Reviewed by Patrick Ainley
‘Citizen Marx said there was a peculiar difficulty connected with this question [of education]. On the one hand a change of social circumstances was required to establish a proper system of education, on the other hand a proper system of education was required to bring about a change of social circumstances; we must therefore commence where we were.’ (CW21: 398) Where we are in England following the government’s reception of the Browne Review is at the end, not only of higher education as it has developed since Robbins but – more broadly – of a whole phase of policy intended to change society through education.

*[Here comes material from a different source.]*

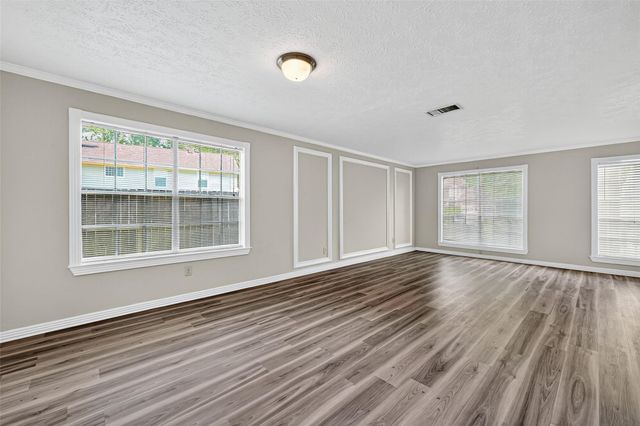 2918 Colonel Court Drive, Richmond, TX 77406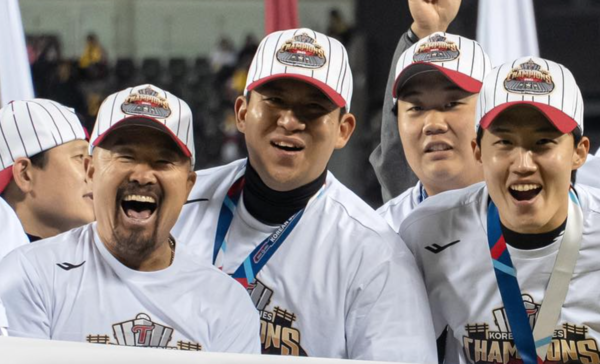 가운데가 김민성(사진=LG)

For, if carried into legislation, the Coalition Government’s proposals will close a phase of progressive reform that began with Robbins’ repudiation of a limited and fixed ‘pool of ability’, opening Higher Education (HE) to all those ‘qualified by aptitude and ability’. This was complemented two years later by the official introduction of comprehensive schools from 1965. These freed primary schools for child-centred education and paved the way for expansion of further and higher education, including the polytechnic experiment. Unlike 11+ selection, which became a thing of the past in 80 per cent of English secondary schools and more in Scotland and Wales, reforming education at all levels no longer aimed to reinforce existing social hierarchies but sought to break down class divisions by opening equal opportunities for all. The logic of comprehensive reform carried forward to inclusion of children with special needs, a common exam at 16 and a National Curriculum sold to teachers as a universal entitlement, as well as more recent widening participation in HE to nearly half of 18-30 year olds. Now these efforts are to be abandoned as education returns to shoring up existing privilege.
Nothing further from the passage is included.